If you have access to room correction software on your AVR, then this is a good time to revisit the speaker calibration process. Don’t panic if your AVR runs its calibration software and sets your subwoofer at a distance that appears to be incorrect – its distance measurement setting helps to compensate for delay and allows the resulting bass to sound smooth and integrated. After going through the process, re-check your subs gain control to make sure it still hits levels that sound pleasing to your ears.
Stands and Isolation
If you own bookshelf speakers, then speaker stands are a must. Setting speakers on stands allows you freedom to play with optimal placement and helps to get tweeters at or near ear level. You can find stands in a variety of sizes and designs. Some stands have riser poles that can be filled with sand, which can reduce or eliminate unwanted resonance in relation to the stand (use dry sand, which can be found at most hardware stores). There are a variety of opinions about how much of an impact sand-filled speakers stands truly have, but this is an inexpensive option that might tighten-up sound and improve overall clarity. Another inexpensive option for subwoofers (only) is the integration of a Gramma Pad, which can completely eliminate unwanted floor rattles and buzzes associate with a subwoofer sitting on a hard floor surface.
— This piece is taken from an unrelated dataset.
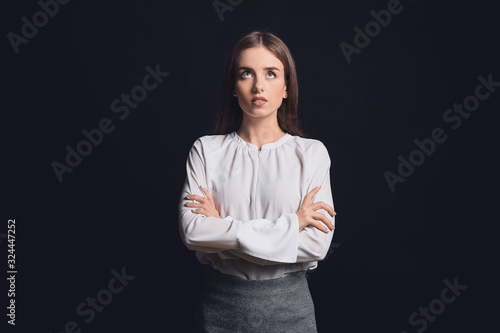 Thoughtful businesswoman on...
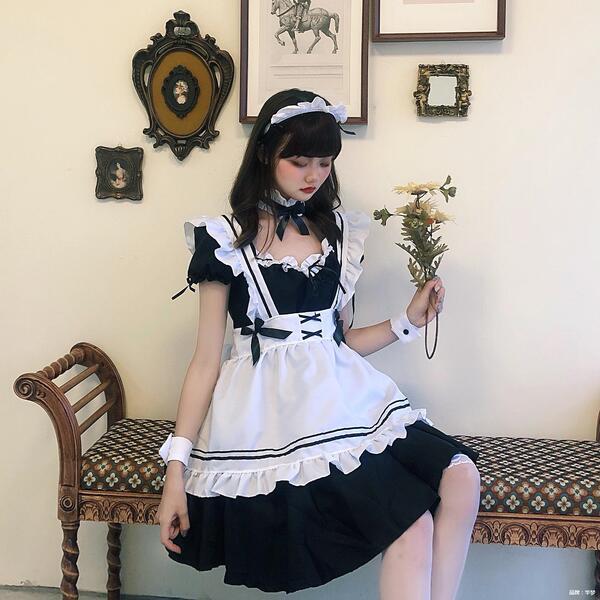 A person wearing a black and white lolita maid dress with ruffles, sitting on a bench holding flowers, styled for cosplay and...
If you’re looking to really up your game, then purchasing a product such as Isoacoustic’s isolation stands can have a high-level impact on your speakers’ imaging and nuanced playback capabilities. Using proprietary technologies, these stands effectively decouple speakers from any surface while moving fore and aft during playback (resisting side-to-side movements), keeping the speaker’s cabinet and driver moving in a direction that is most beneficial from a physics perspective. The result is significantly tighter imaging and a noticeable expansion of the soundstage. The investment factor is relatively low considering the impact on perceived sound. These stands are definitely something to consider when looking for ways to squeeze more out of your speaker’s performance capabilities.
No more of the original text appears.